# [TO DO]
Everything in the records below must be repeated exactly, except the pictures.

# [SOURCE DATA]

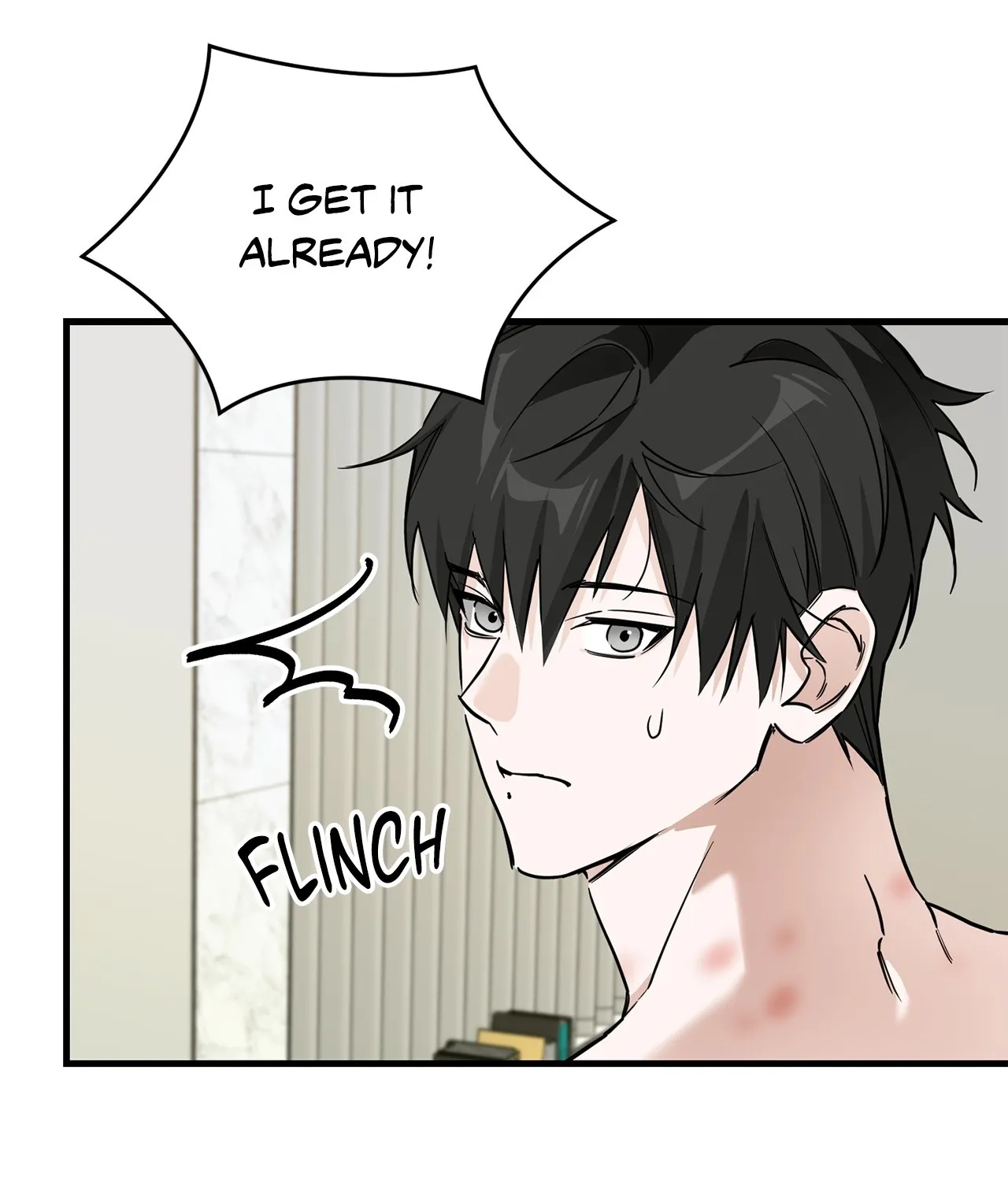 Mark of Fate Chapter 8 page 106 - 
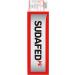 Sudafed PE Non-Drowsy Head Congestion + Pain Relief Caplets - 20 ct - Buy Online on GoSupps.com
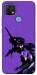 Чехол Evangelion Eva для Oppo A15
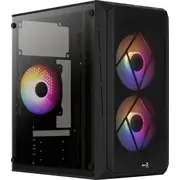 Aerocool Cs-107 V2  Aeropgscs-107-A-V2 4710562759389 Obuaerobu0056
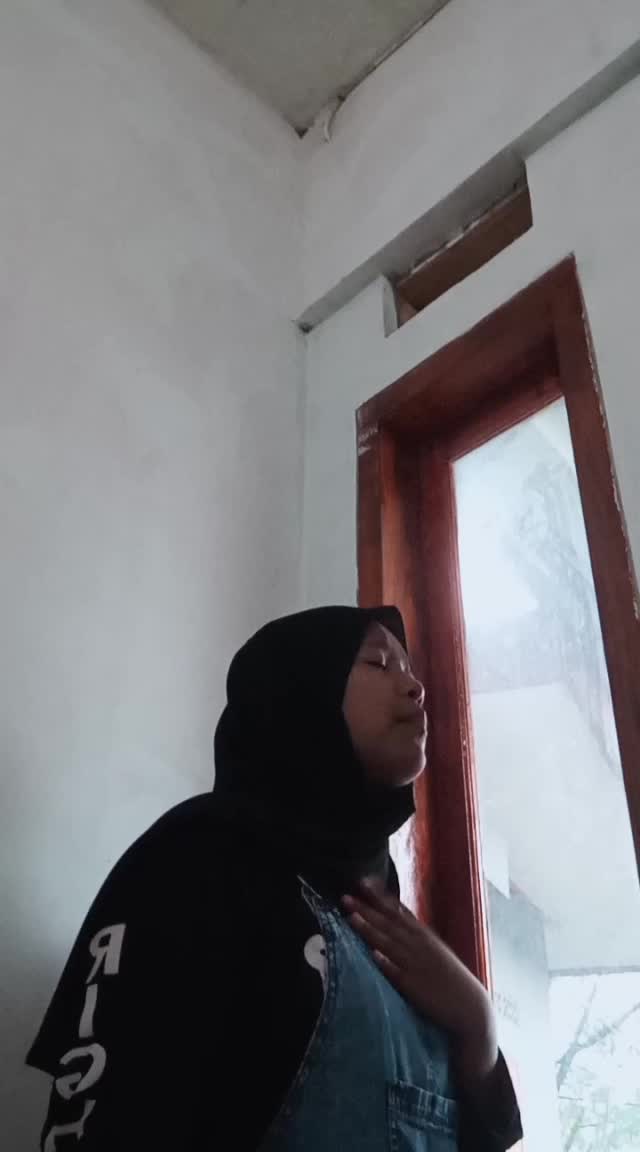Nurul Rohimah_16 Tahun_Bandung_Lawkana bainanal habib         #Voice Of Ramadhan2021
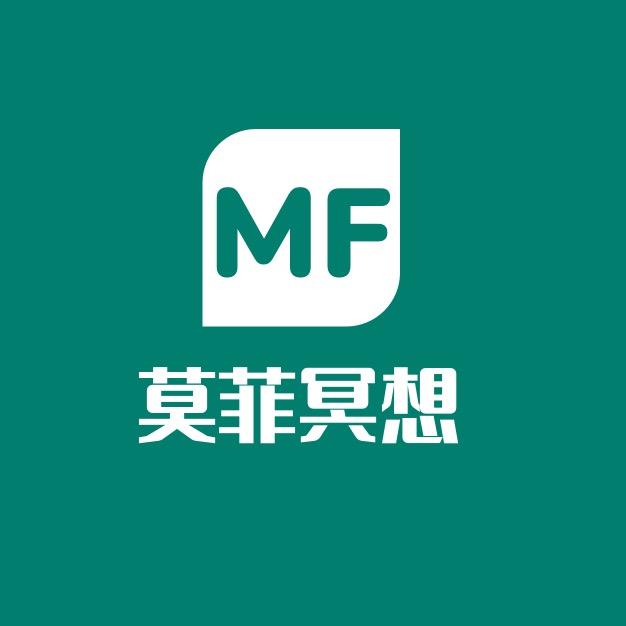🌈莫菲冥想🧘‍♀️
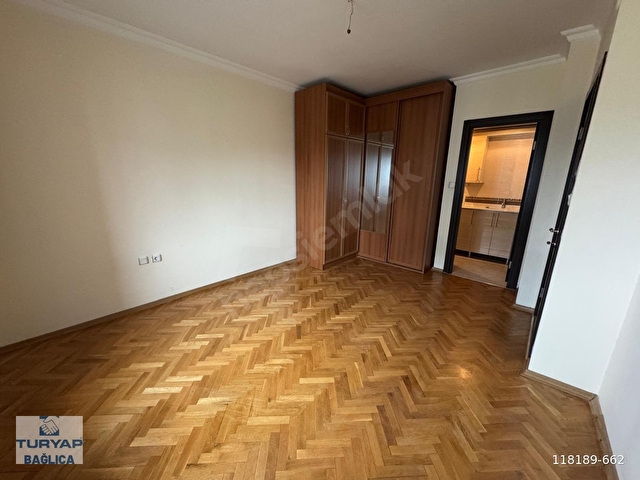 BAĞLICADA SATILIK 3+1 ARA KAT SATILIK DAİRE - Görsel 24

# [WRITTEN REPLY]
 Mark of Fate Chapter 8 page 106 - 
 Sudafed PE Non-Drowsy Head Congestion + Pain Relief Caplets - 20 ct - Buy Online on GoSupps.com
 Чехол Evangelion Eva для Oppo A15
 Aerocool Cs-107 V2  Aeropgscs-107-A-V2 4710562759389 Obuaerobu0056
Nurul Rohimah_16 Tahun_Bandung_Lawkana bainanal habib         #Voice Of Ramadhan2021
🌈莫菲冥想🧘‍♀️
 BAĞLICADA SATILIK 3+1 ARA KAT SATILIK DAİRE - Görsel 24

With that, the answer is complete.